Daniel Herrmann, Kurator der Freud- Ausstellung in London, kritisierte jene, die behaupten, Freud beabsichtigte, seine Modelle bloßzustellen, zu beleidigen und verzerrt darzustellen. Das Gegenteil sei der Fall gewesen. Freud habe über viele Monate ein Arbeitsverhältnis zu den Porträtierten entwickelt, und die Modelle seien mit den Darstellungen zufrieden gewesen. Selbst das Supermodel Kate Moss akzeptierte, dass sie in ihrem Porträt nicht wie eine zeitlose Schönheit aussah, und war begeistert von dem Ergebnis.

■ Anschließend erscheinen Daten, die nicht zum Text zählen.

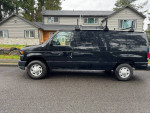 Ford E-250 120,000 mi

Die meisten Modelle wählte er aus seiner privaten Umgebung aus. Er wollte sie darstellen, als wären sie entspannt und unbeobachtet. "Ich arbeite wie ein Tierwelt-Fotograf, von einem Tier fotografiert", beschrieb er seine Arbeitsweise.

14 Kinder

Freud war mehrmals verheiratet, hatte zahlreiche Liebschaften und 14 Kinder, die ihn als egoistischen Fanatiker beschreiben, den nichts anderes interessiert habe als seine Arbeit. Unter seinen Kindern sind vor allem die Modedesignerin Bella Freud, die Schriftstellerin Esther Freud und die Künstlerin Jane McAdam Freud bekannt. Einige Töchter hatte er - als Erwachsene - nackt in seinen Bildern verewigt. Ein Bild unterscheidet sich jedoch von allen anderen: "Large Interior, Paddington". Es zeigt eine Tochter als Kind, seitlich liegend mit einem traurigen Gesicht und einer Hand zwischen die Schenkel gepresst.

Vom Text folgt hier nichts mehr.